おととしからインターネット上で、不特定多数の人がつないできた長い長い連句の鎖。七月の十日23時18分に2万句目が付いた。
東京から「お祝いにシャンパンどうぞ」と書き込みがはいる。三重県から「海女小屋で焼いた雲丹さしいれます」そして「うちの畑の茄子胡瓜の一夜漬け」「私の新ジャガコロッケ」「お赤飯ですよー」とバーチャルの夏の宴。つまり大人のままごとであります。

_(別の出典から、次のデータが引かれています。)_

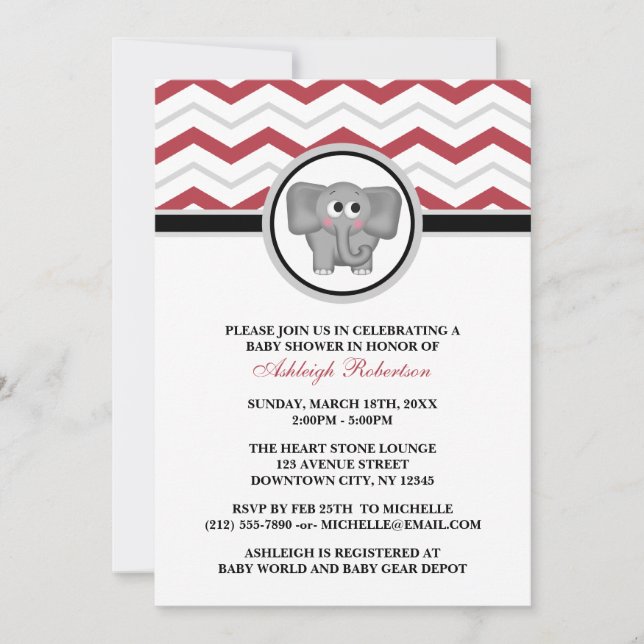 Invitaciones a la ducha para bebés elefantes de co (Anverso)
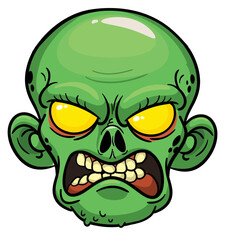 Cartoon funny green zombie character design with scary face expression. Halloween vector illustration isolated on white. Party poster or package design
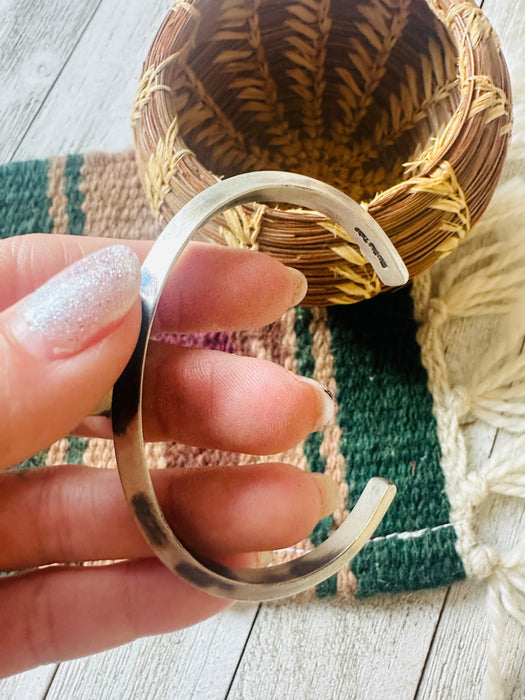 Navajo Queen Pink Conch Shell & Sterling Silver Cuff Bracelet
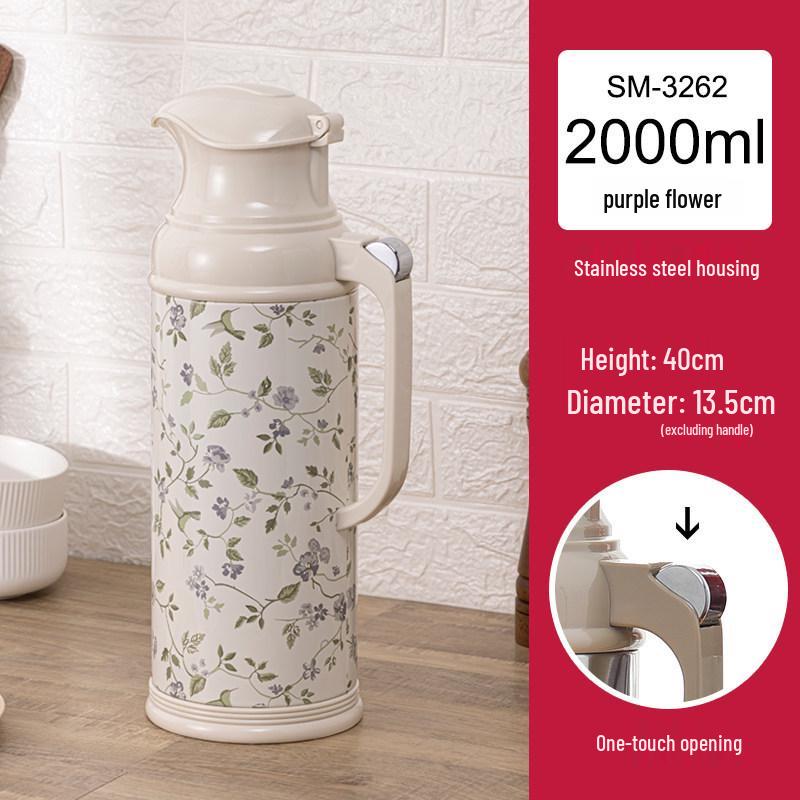

Large Capacity Glass & Stainless Steel Thermos Flask - Household Water Heating Bottle (8P)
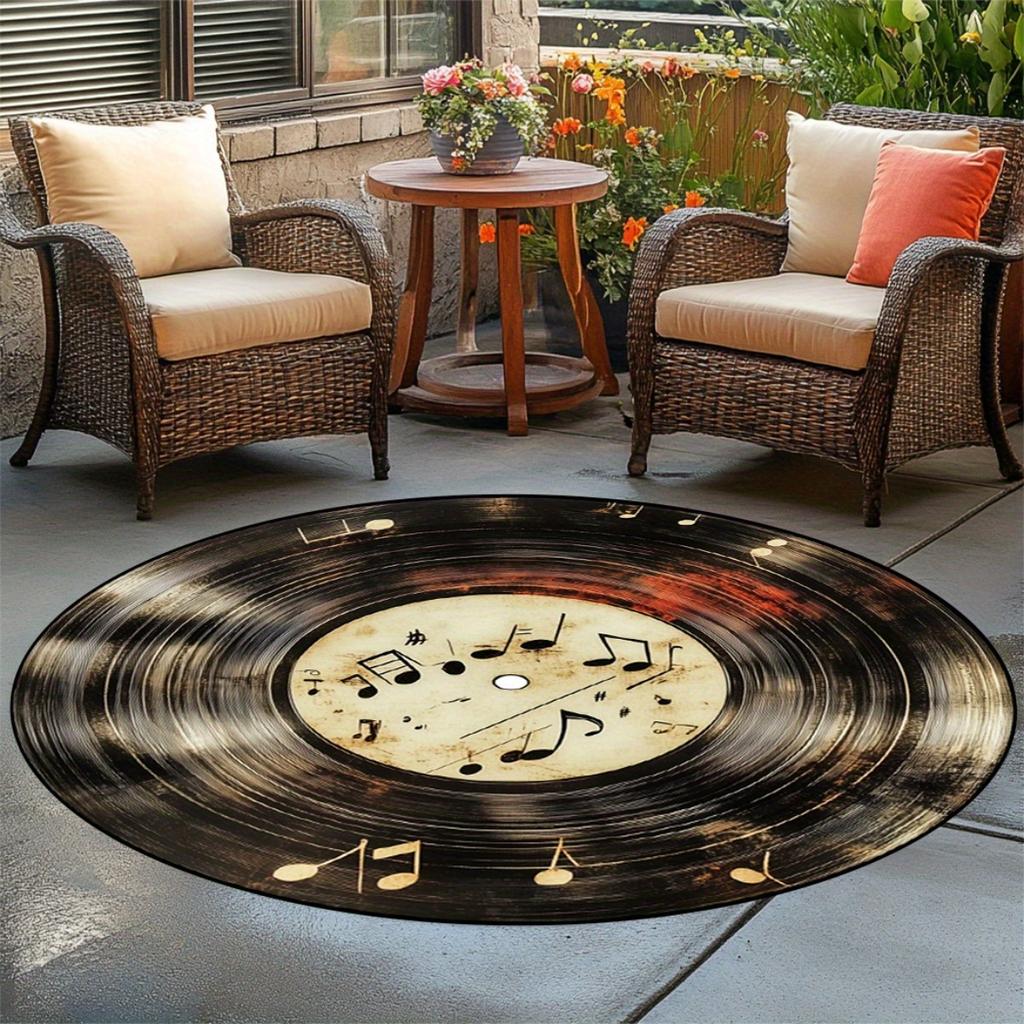 1pc Vinyl Record Round Rug Flannel Soft Non Slip Floor Mat Music Themed Decor for Living Room Bedroom Home Studio Office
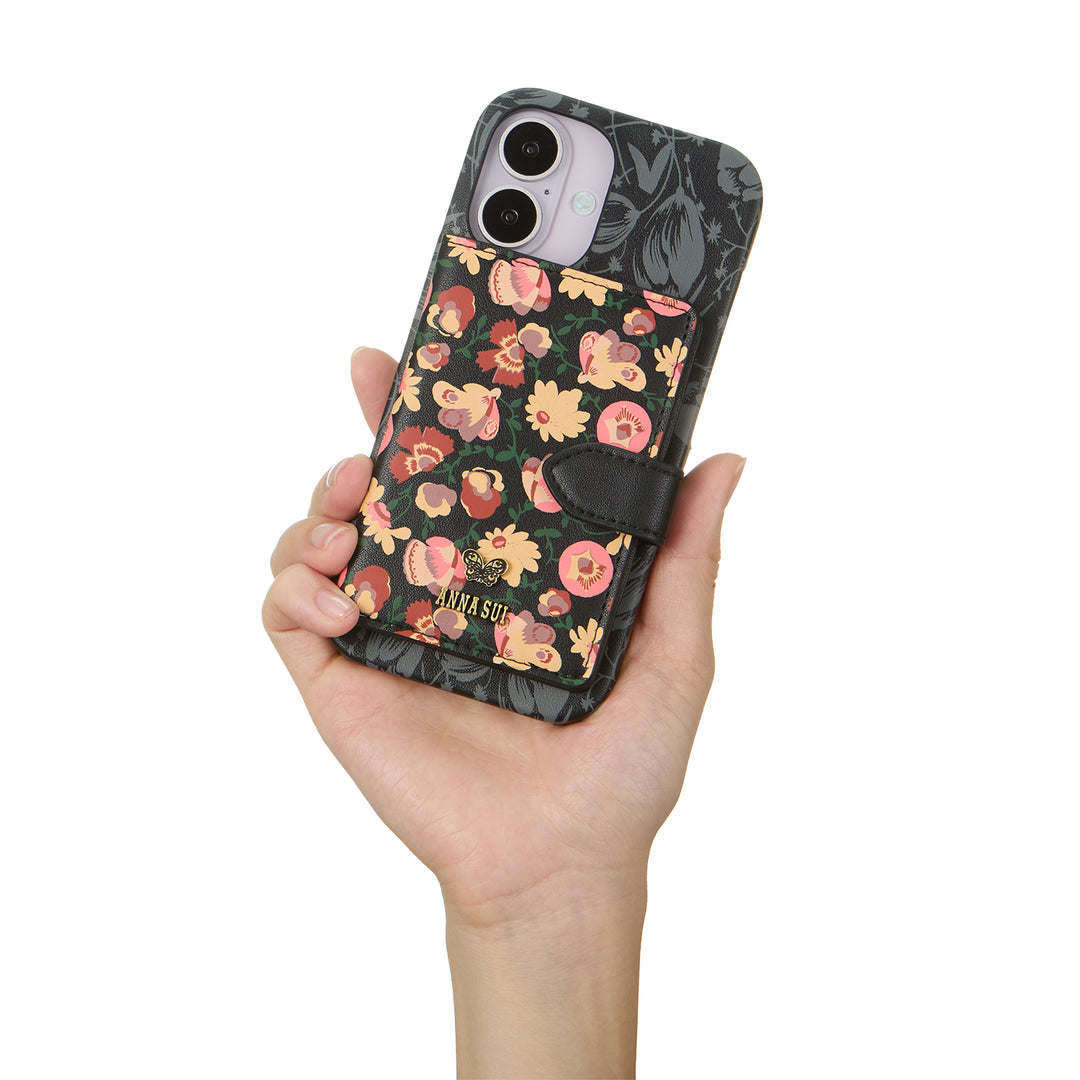 【新品未使用】iPhone16用ANNA SUI ブックタイプケース ANNA SUI- Slim Wrap Case iPhone 16 [ Black ]（65918821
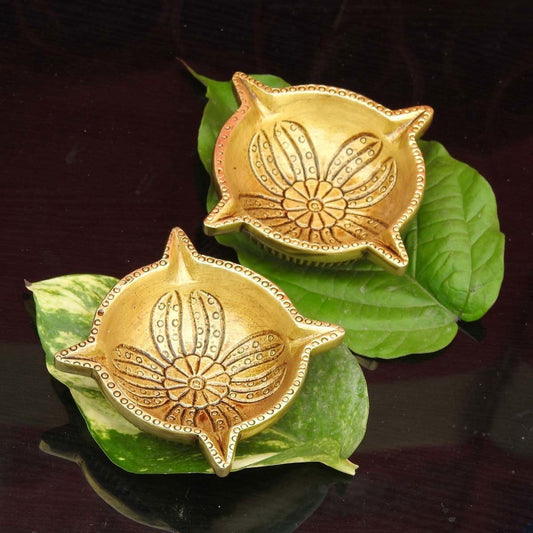Brass Kuber Diya Set of 2-ArtyCraftz.com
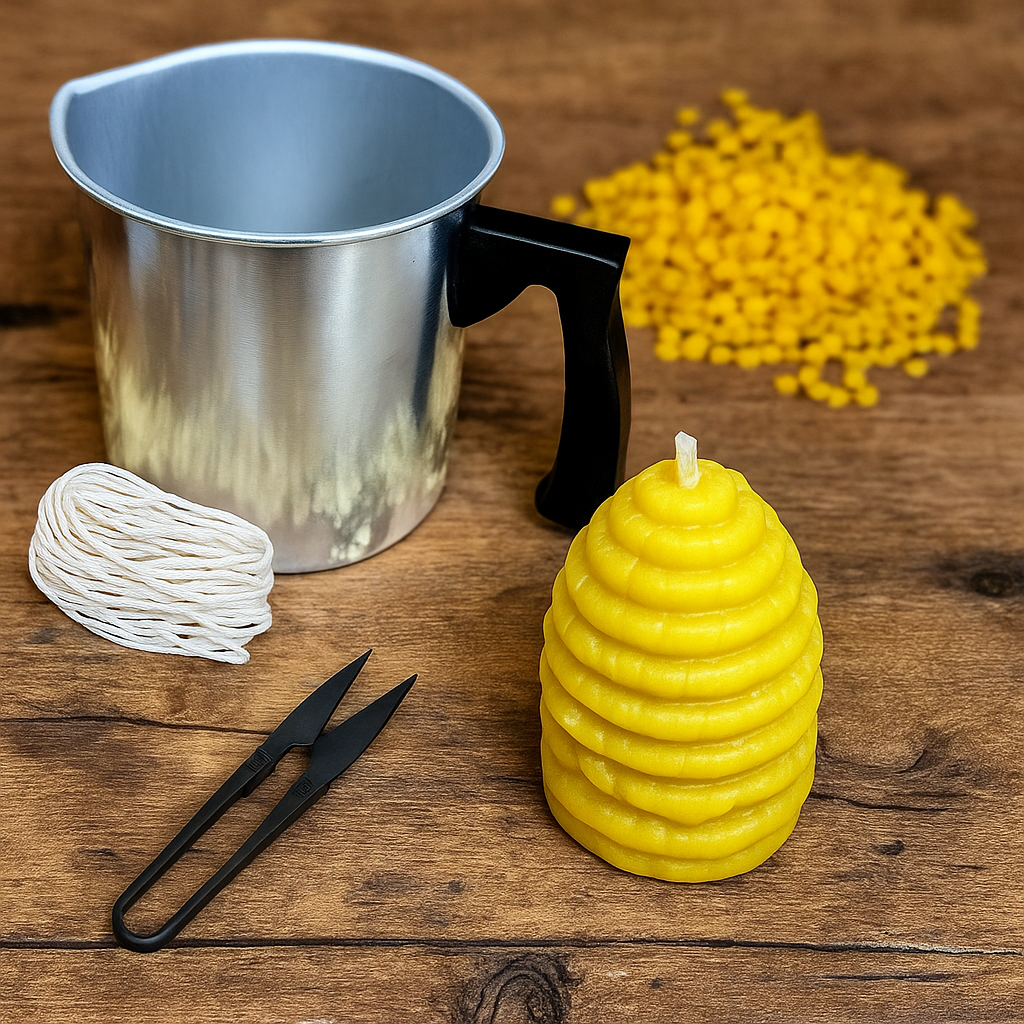 Candlemaking Kit - Beehive Skep Mould, Melting Pot, 30ft Wick, Wick Snips and 200g Beeswax Beads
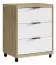 Cassettiera su ruote Merosina 04 | Rovere Artisan e Bianco | 60 x 50 x 37 cm | Facile da spostare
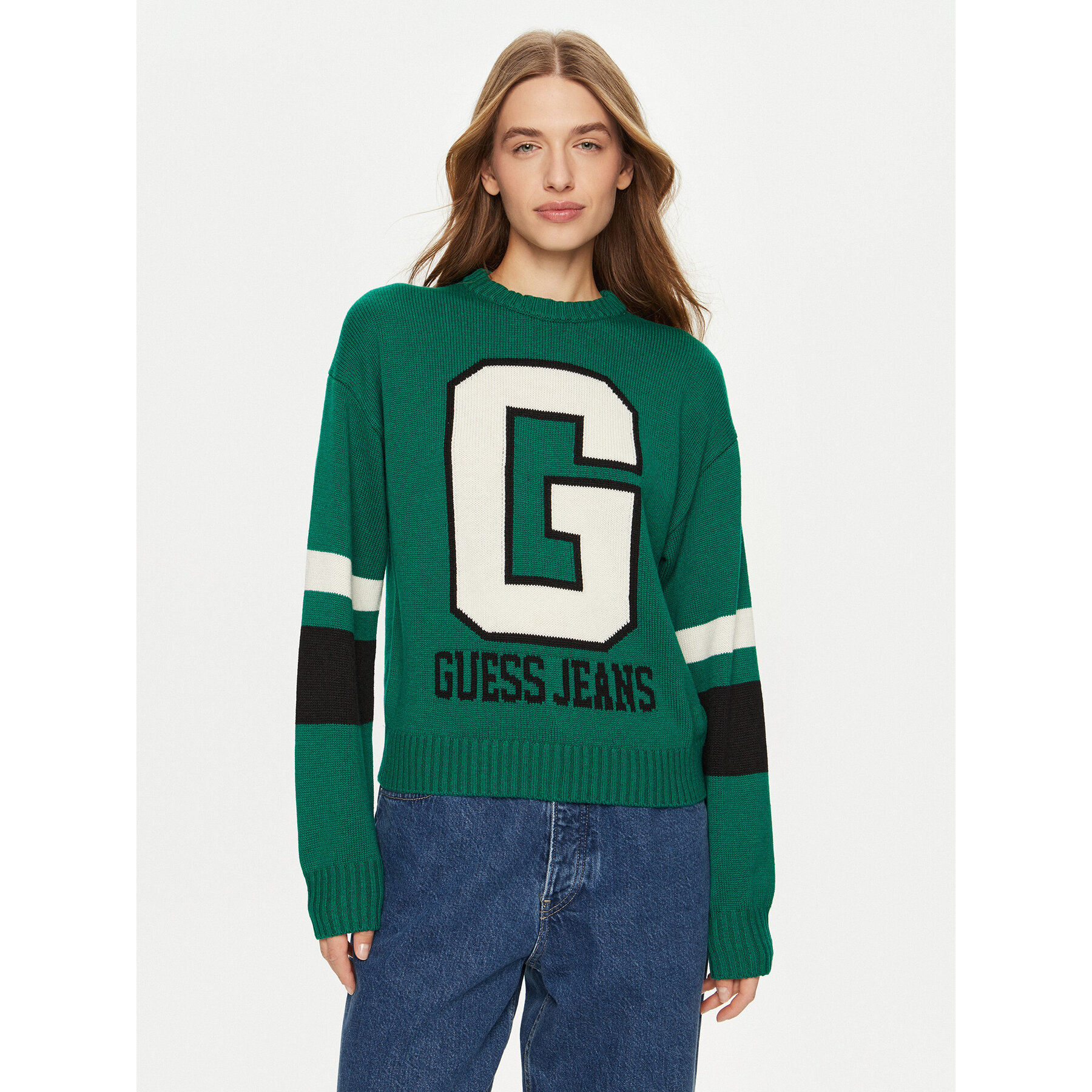 Guess Jeans Sweter W4BR11 Z3HN2 Zielony Regular Fit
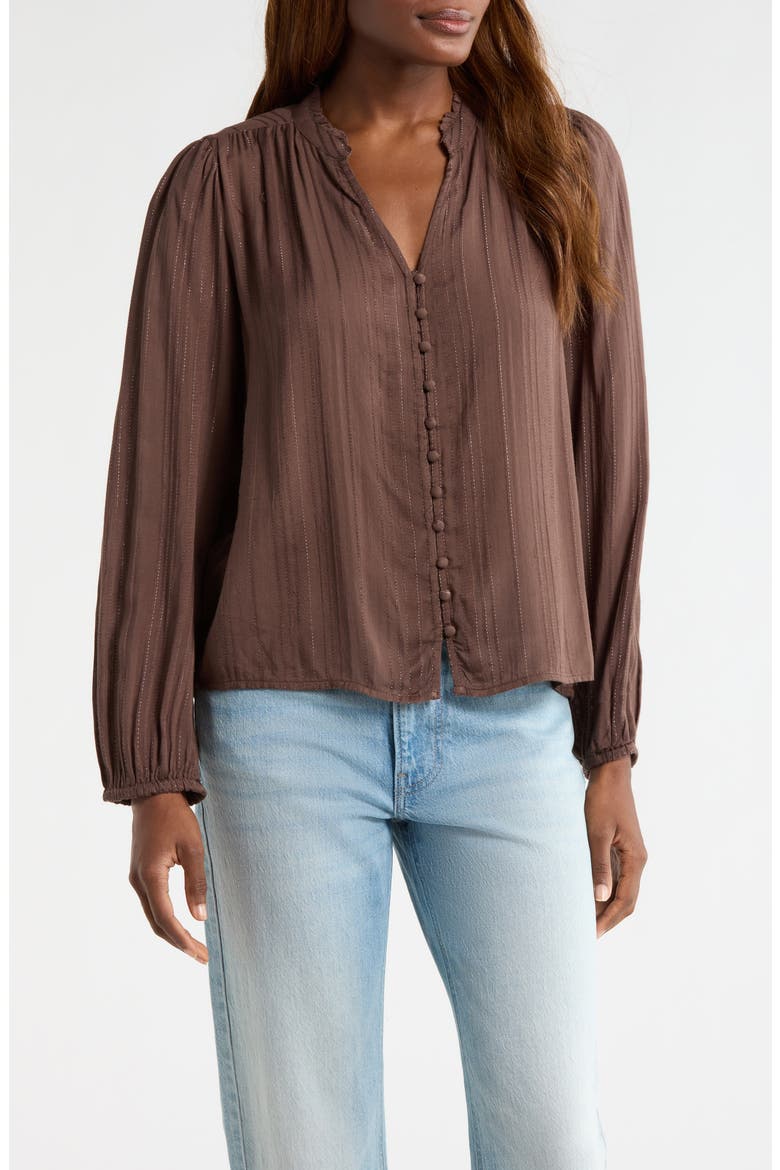 Shine Button Front Top, Main, color, CHOCOLATE BROWN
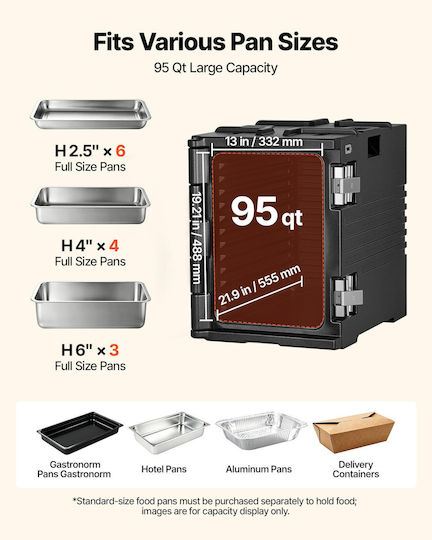 Vevor Commercial Food Container Stainless Steel 90lt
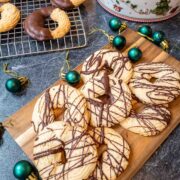 Chocolate drizzled and chocolate dipped butter cookies ready to eat.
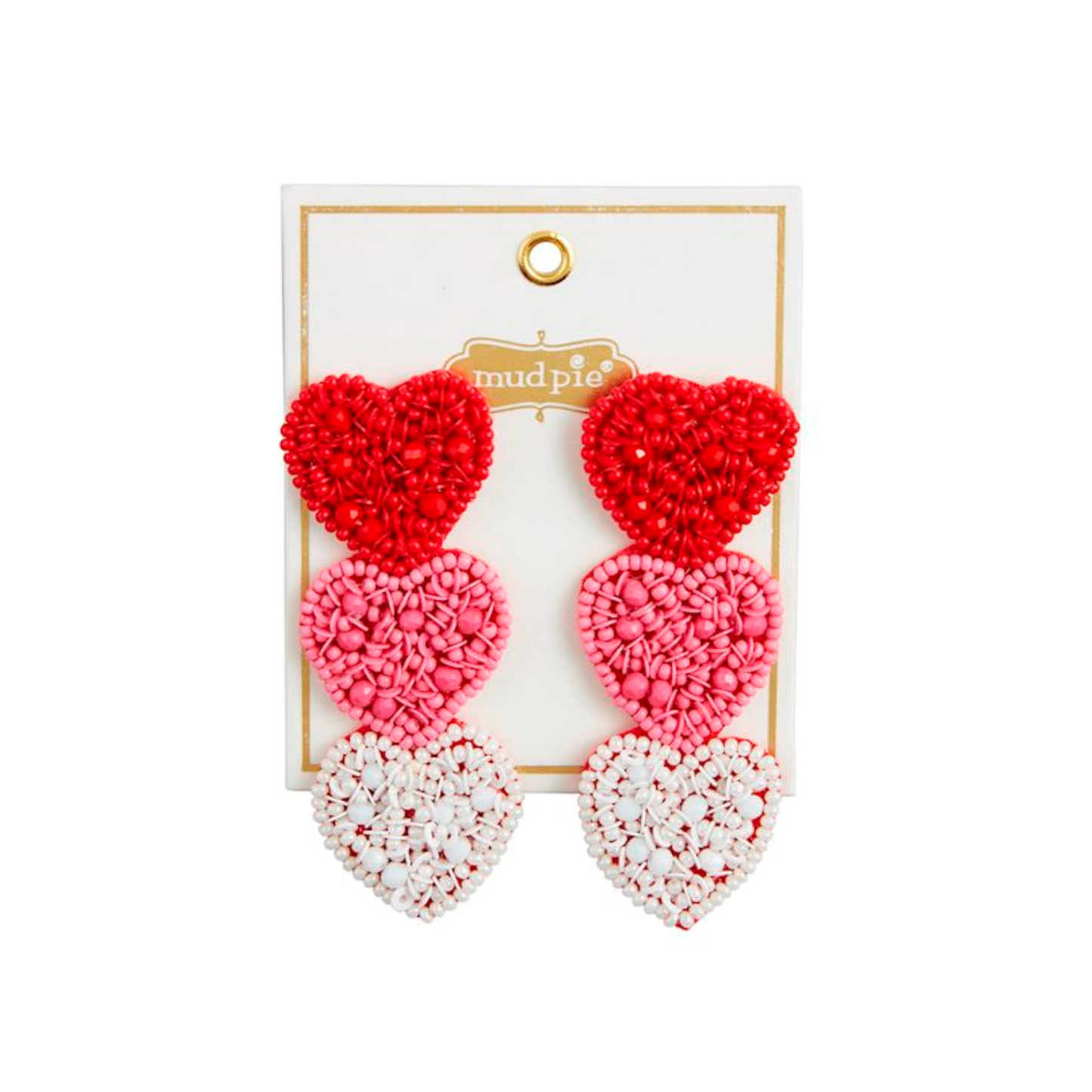 TRIPLE HEART VALENTINE BEADED EARRINGS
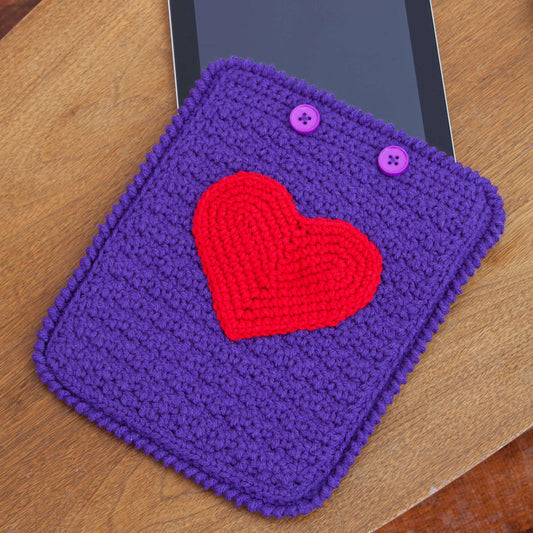 Red Heart Love My Ipad Crochet Case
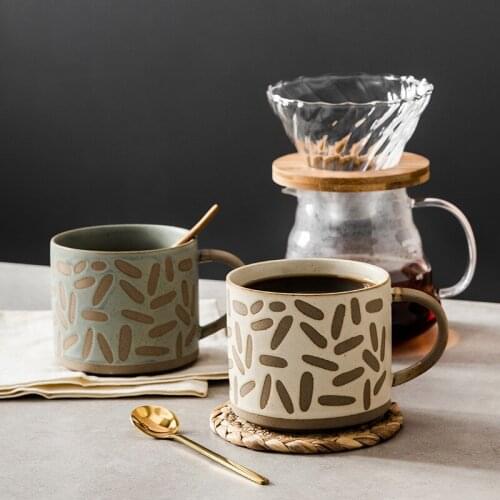 Simple and creative wave dot stoneware cup creative retro kiln change water cup mug ins home couple tea cup ceramic coffee cup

そこで二万一番からは百句、妖怪の名を詠みこむように呼びかけた。すぐに、
舞の夕冷酒飲んでは鼓打つ (幽霊)道草
頬に流れる涙一筋 (鬼)ミャーママ
なんて続くわけです。『古今和歌集』には「物の名」という巻がある。定数の百韻連歌も詠みこみの「賦し物」から発生したといわれている。好きな面々は昔も今も多い。この鎖連句でも折節に鳥や魚などの名の詠みこみをすると必ず盛り上がった。でも妖名は長い単語が多く工夫がいるよ。
今朝のこと黙っていろと塞ぐ口 (言霊)はやお
起きた老母が隣の部屋に (鬼太郎)霞
ハハハ、うまいうまい!
草野球血気盛んな応援団 (吸血鬼)兎
朝シャンブローメイクば っちり (シャンブロー) ひよひよ
シャンブローはSFに出てくる宇宙魔女です。
恋に賭けよう誠心誠意 (妖精)みのり
もう四人振って私は十八歳 (ニンフ)藍
しんと月冴ゆ気温何度か (雪女)蕗
会社から家庭から、食事中会議中に妖怪の名のよぎる夏。この長い鎖連句はもちろんたった今も増殖中。